For each line below that includes the word "online", make a copy.

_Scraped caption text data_
==*==
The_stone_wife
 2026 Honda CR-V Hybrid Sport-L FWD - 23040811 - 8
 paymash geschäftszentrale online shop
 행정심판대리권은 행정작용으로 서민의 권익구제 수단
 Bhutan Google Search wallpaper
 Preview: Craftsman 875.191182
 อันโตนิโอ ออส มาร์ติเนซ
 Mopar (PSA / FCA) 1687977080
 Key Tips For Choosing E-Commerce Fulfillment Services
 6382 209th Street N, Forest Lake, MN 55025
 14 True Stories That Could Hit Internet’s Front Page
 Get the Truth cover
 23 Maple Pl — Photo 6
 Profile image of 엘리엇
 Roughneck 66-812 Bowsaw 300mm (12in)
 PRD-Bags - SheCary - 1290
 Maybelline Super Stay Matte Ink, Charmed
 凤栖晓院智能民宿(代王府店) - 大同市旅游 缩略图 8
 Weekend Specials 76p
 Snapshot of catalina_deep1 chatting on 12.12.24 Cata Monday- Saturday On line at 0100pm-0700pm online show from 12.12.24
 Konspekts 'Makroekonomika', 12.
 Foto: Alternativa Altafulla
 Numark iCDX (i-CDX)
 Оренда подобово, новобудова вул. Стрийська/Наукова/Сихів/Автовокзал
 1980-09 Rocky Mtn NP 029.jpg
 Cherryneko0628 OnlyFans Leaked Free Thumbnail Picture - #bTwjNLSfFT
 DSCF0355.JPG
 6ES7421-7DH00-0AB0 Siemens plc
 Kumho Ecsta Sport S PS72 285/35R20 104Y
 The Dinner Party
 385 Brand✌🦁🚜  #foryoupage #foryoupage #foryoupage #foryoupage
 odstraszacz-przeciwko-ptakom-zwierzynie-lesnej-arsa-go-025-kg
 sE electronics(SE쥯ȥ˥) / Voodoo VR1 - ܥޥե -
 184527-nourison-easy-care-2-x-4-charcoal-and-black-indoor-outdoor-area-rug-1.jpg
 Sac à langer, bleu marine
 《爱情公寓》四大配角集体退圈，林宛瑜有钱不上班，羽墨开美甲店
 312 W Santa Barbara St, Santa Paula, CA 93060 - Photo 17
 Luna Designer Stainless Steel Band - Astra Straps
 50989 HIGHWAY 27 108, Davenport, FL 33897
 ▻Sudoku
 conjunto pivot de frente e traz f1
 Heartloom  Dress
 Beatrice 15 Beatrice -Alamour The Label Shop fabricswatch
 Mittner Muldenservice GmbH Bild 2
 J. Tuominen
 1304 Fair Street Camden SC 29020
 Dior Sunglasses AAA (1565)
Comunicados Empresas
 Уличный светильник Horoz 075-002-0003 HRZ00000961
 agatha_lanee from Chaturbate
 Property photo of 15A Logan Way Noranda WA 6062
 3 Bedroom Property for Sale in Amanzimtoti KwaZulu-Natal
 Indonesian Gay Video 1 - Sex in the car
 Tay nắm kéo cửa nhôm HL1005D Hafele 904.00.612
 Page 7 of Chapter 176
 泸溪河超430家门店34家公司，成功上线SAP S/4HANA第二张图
==*==
_Exercise result_
 paymash geschäftszentrale online shop
 Snapshot of catalina_deep1 chatting on 12.12.24 Cata Monday- Saturday On line at 0100pm-0700pm online show from 12.12.24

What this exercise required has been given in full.